> WORK TO COMPLETE: Beginning with the line below that contains "Photo of 16796" and ending with the line that contains "20+ Inspiring Dry", copy every line exactly. Copy nothing else.

(Records drawn from a dataset)
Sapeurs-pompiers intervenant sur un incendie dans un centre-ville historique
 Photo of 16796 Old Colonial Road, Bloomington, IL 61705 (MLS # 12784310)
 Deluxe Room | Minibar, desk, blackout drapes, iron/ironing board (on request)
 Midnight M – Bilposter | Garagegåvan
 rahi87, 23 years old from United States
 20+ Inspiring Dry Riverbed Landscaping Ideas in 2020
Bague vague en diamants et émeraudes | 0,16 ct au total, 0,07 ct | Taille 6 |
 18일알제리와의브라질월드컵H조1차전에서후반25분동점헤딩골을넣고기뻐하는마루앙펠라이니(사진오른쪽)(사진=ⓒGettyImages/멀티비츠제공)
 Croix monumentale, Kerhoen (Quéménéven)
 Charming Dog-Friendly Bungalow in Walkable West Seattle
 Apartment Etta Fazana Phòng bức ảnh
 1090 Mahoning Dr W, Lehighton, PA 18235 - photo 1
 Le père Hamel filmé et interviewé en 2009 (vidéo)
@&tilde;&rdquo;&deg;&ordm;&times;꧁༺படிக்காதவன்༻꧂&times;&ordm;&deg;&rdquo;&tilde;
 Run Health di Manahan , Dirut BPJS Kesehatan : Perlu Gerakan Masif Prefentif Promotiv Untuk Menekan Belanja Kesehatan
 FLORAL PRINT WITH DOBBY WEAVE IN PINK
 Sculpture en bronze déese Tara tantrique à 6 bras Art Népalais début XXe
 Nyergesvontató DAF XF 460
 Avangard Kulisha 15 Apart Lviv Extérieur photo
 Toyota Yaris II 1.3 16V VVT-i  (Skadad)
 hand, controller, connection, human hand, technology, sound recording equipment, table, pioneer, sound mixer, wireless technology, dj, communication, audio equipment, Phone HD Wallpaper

> FINISHED TASK:
 Photo of 16796 Old Colonial Road, Bloomington, IL 61705 (MLS # 12784310)
 Deluxe Room | Minibar, desk, blackout drapes, iron/ironing board (on request)
 Midnight M – Bilposter | Garagegåvan
 rahi87, 23 years old from United States
 20+ Inspiring Dry Riverbed Landscaping Ideas in 2020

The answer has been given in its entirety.